Advice From Paradise: Love Advice (and Music) from Nedelle Torrisi

This week: how to cope with deciding not to date, and forming platonic relationships.
Art & Culture
Advice From Paradise: Love Advice (and Music) from Nedelle Torrisi

This week: how to cope with deciding not to date, and forming platonic relationships.

Words: Nedelle Torrisi

July 24, 2015

Advice From Paradise

Hi, my name is Nedelle.

I’m a musician who started playing the violin and singing in musicals at age seven. I come from a Sicilian–American family; I’m the daughter of an ex-nun and an ex-priest who ended up working at a prison. My brother is a neuroscientist and will probably discover something really awesome someday. We’re all musicians, too.

I’ve put out a bunch of albums on different labels and under different monikers: Nedelle, Nedelle and Thom, and Cryptacize. The most recent one just came out on Ethereal Sequence/Drag City under my full name, Nedelle Torrisi, called Advice from Paradise.

I also began giving out love advice semi-professionally on my Tumblr a couple of years ago, after doing it unprofessionally for friends for years before that.

Have a question? Need some advice? Ask me anything at [email protected] or ask anonymously at

Hey Nedelle,

I am 26 and I’ve never had a boyfriend—by choice. It’s because I can’t feel. I always felt like I was a sociopath because all the indications point to that. I can’t feel anything, and I don’t care too much, but people I know in my life are starting to ask questions.
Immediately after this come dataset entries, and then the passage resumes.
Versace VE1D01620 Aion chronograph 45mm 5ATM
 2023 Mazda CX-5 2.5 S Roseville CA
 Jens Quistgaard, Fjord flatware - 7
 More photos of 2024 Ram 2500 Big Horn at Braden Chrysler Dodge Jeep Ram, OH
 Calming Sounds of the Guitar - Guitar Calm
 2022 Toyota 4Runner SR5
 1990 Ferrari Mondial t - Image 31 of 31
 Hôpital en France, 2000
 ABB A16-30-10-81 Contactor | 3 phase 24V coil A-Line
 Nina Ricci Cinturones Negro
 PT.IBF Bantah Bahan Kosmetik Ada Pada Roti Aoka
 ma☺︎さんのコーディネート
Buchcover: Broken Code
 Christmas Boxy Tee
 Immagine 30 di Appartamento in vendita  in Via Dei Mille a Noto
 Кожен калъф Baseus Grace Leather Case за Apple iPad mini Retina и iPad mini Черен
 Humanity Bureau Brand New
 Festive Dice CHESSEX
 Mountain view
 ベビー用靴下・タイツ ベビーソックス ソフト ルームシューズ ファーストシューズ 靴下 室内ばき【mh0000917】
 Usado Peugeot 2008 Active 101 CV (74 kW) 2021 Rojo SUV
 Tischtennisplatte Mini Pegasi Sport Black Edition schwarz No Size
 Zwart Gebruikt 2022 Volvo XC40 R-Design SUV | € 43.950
I’ve dated tons of guys, but I only do it to get free food; I don’t stay with them long. Is there something wrong?

Firstly, I feel like this answer needs a disclaimer, which is: I’m not a psychologist. If you can get to a real “pro” to tease out this intricate question, that’d be my first piece of advice.

I definitely know some “lone wolves” who are single by choice and don’t really date at all. A couple of them have never had a long-term relationship. It’s not a bad thing. They aren’t even misanthropes, though some might be—they just really love being alone! Notable “lone wolves” include Bill Murray and Morrissey, who said, “I am attracted to humans… but, of course… not many.”

Remember that show Dexter? Well, I loved it, and sometimes I wondered if Michael C. Hall, who played the titular serial killer, was affected by the sociopathic and psychopathic nature of his character. Did he ever find himself relating too much to his character, and if so, did that scare the bejeezus out of him? What’s my point, you ask? Well, I’m talking about our impressionable natures. Things affect us and change us. I wonder whether more people are feeling numb these days—with the access we have to every horrid thing happening everywhere on the planet at all times, it can feel like life is a bad movie, and what’s worse, you’re the viewer of your own bad movie. I digress.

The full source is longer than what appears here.